• **What this task involves**
Retype, word for word, every line of the records below starting at the one that contains "Bathroom, Interior, Recessed" and ending at the one that contains "Wharfdale Way, Bridgend, Stonehouse, GL10"; include both of those lines and nothing more.

• **Records for this exercise**
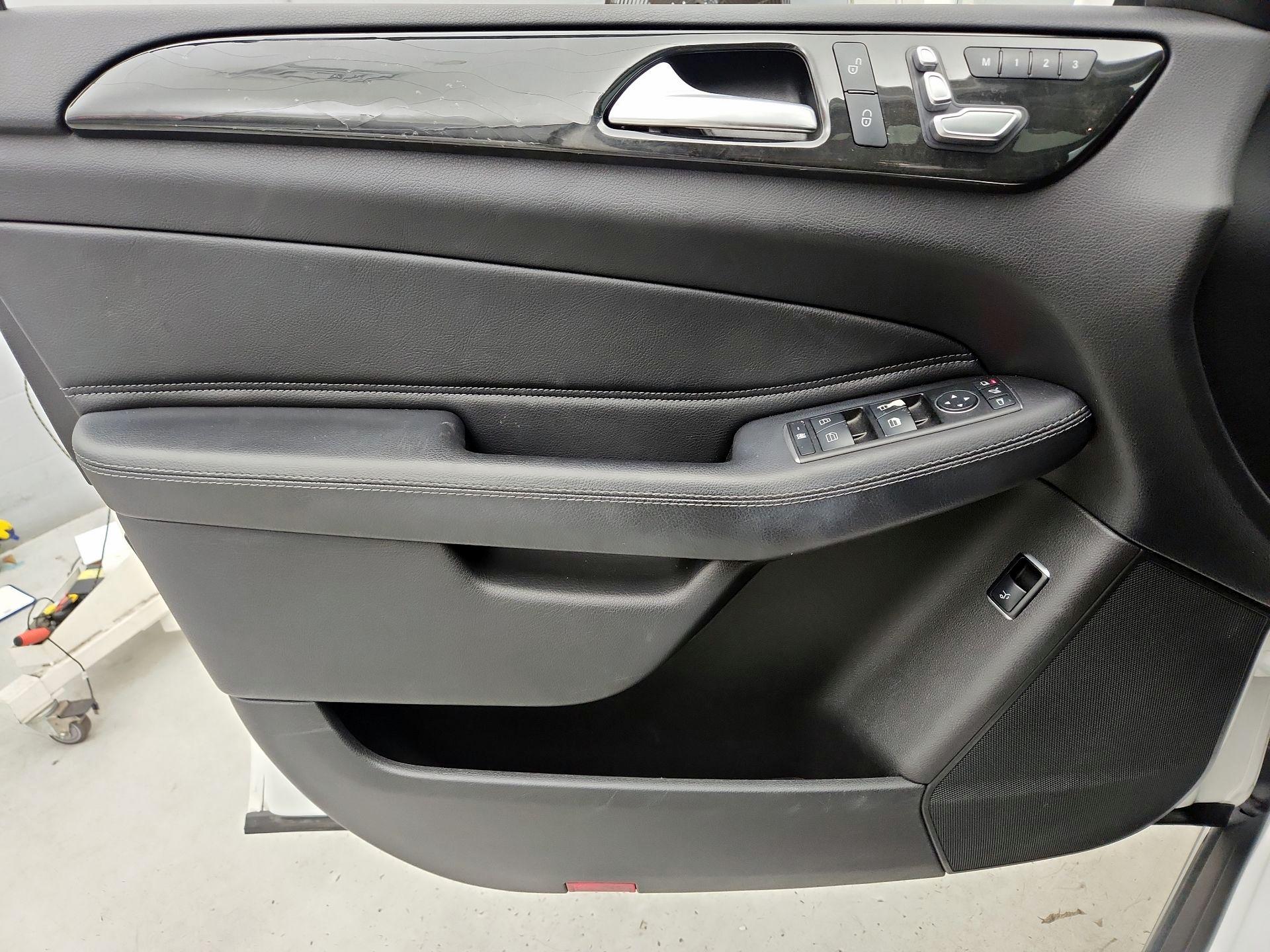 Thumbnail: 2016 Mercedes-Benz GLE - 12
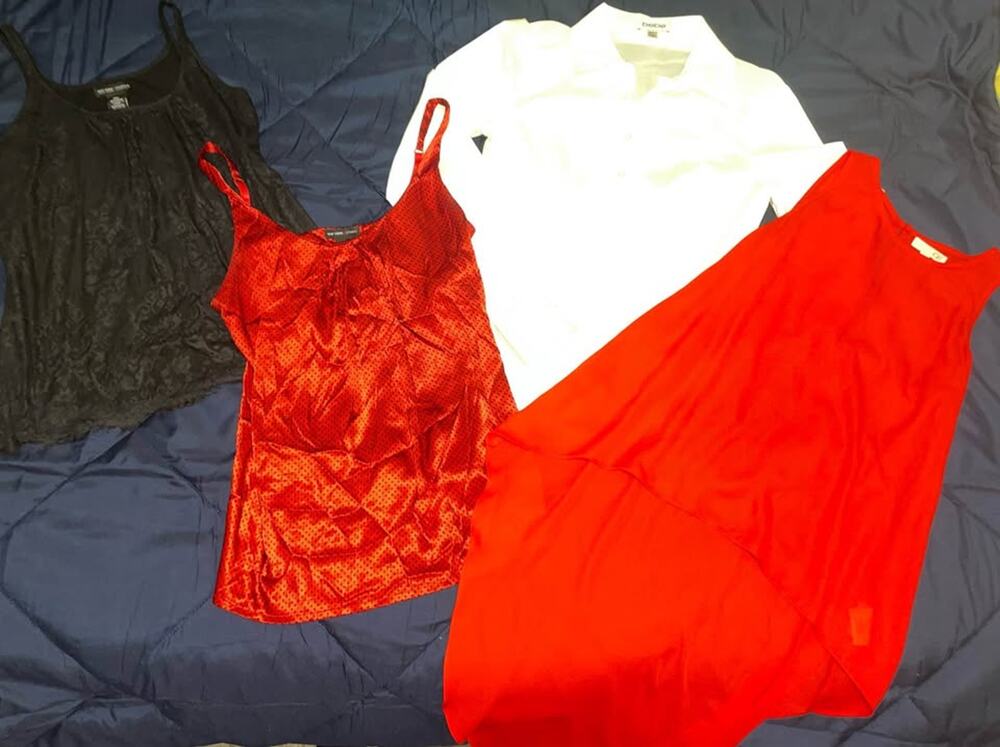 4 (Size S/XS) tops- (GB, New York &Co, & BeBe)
* * *
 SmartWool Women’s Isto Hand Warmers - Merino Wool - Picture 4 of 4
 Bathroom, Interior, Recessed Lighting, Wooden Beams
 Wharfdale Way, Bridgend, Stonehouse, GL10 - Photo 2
...
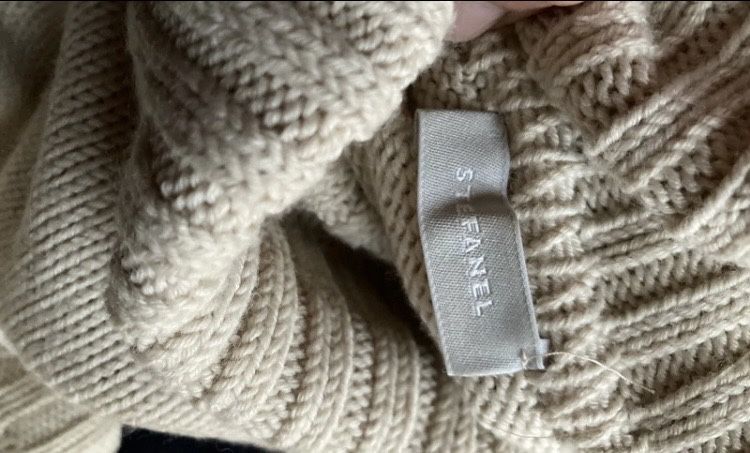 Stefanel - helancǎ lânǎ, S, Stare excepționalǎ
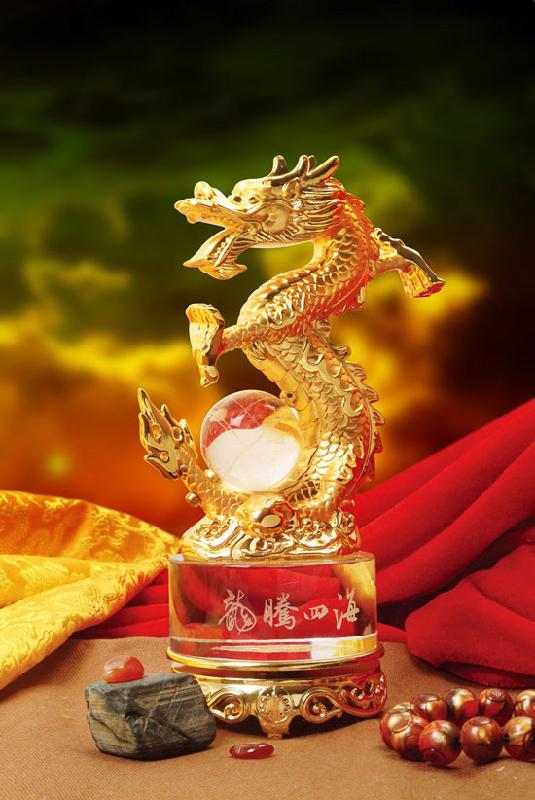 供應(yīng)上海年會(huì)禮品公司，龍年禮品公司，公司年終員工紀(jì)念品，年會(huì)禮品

• **Answer to the problem**
 Bathroom, Interior, Recessed Lighting, Wooden Beams
 Wharfdale Way, Bridgend, Stonehouse, GL10 - Photo 2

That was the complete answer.